TP: Mais recentemente, os países do BRICS (Brasil, Rússia, Índia, China e África do Sul) desafiaram abertamente a hegemonia do dólar americano e consideraram introduzir sua própria moeda. Como isso poderia ser? Pode ser uma cesta composta por várias moedas fiduciárias nacionais ou uma nova unidade de conta lastreada em ouro. Acredito que o único desafio ao domínio do dólar americano pode vir de uma moeda dos BRICS lastreada em ouro. Mas, mesmo assim, os EUA também poderiam vincular o dólar às reservas teóricas de ouro do Federal Reserve (que na verdade são de propriedade do Tesouro). Como você pode ver, destronar o dólar americano não será fácil nas condições atuais. O que quer que venha de estados que perseguem os seus próprios interesses monetários, não devemos ter esperanças de que os estados forneçam dinheiro sólido às pessoas. Se os estados monopolizarem a produção de dinheiro, eles o usarão predominantemente para atender às suas próprias necessidades.
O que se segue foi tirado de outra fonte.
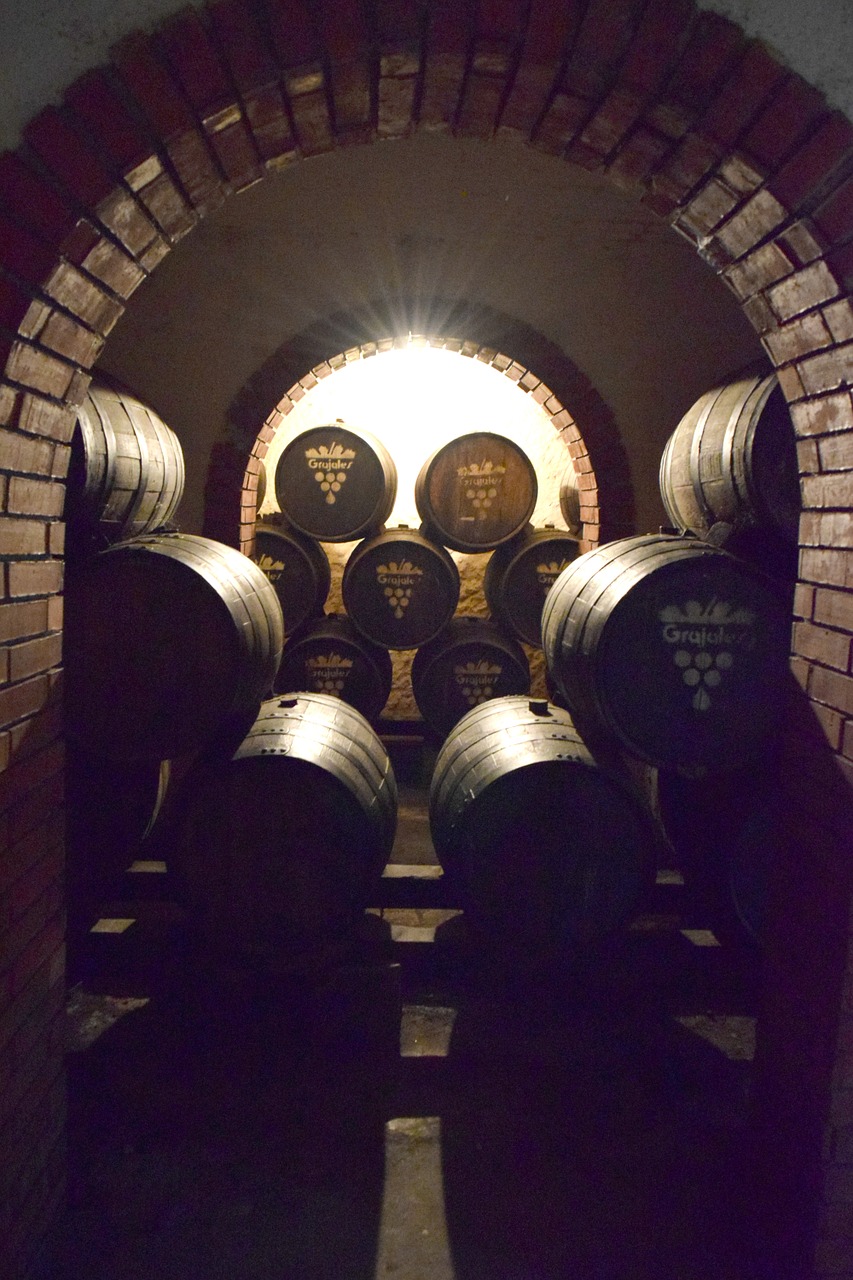 barrels wine vineyard free photo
Você observa que o mundo precisa de dinheiro de mercado livre, e você diz que pode ser qualquer coisa que o mercado aceite – de ouro a criptomoedas. Por que o dinheiro baseado no mercado é melhor?
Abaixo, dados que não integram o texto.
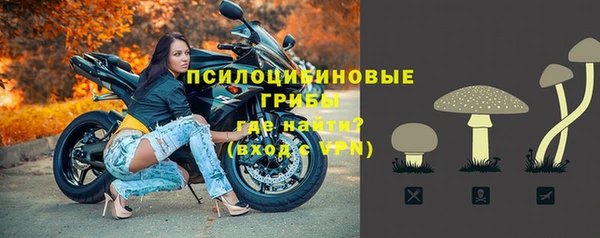 а пвп мука Арсеньев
TP: Só existem duas formas de o ser humano interagir: voluntariamente ou coercivamente/violentamente. A cooperação voluntária é econômica e eticamente aceitável; coerção e violência não são. O livre mercado é voluntário. Em um mercado livre de dinheiro, as pessoas são livres para escolher o tipo de dinheiro que melhor se adapta às suas necessidades e as pessoas são livres para oferecer um bem que as pessoas podem querer usar como dinheiro. O resultado será um bom dinheiro – simplesmente porque ninguém (em sã consciência) irá demandar dinheiro ruim. Por exemplo, as pessoas poderiam decidir usar o ouro como moeda base e implementar sistemas de pagamento de ouro digital. Se as pessoas querem prosperidade e liberdade, nacional e internacionalmente, elas devem abandonar o dinheiro fiduciário, acabar com o controle do governo sobre o dinheiro e abraçar um mercado livre de dinheiro. A alternativa é o dinheiro tirânico do governo, com a perspectiva desagradável de acabar com uma moeda fiduciária mundial tirânica. Espero que meu livro informe e estimule a discussão sobre essas questões extremamente importantes.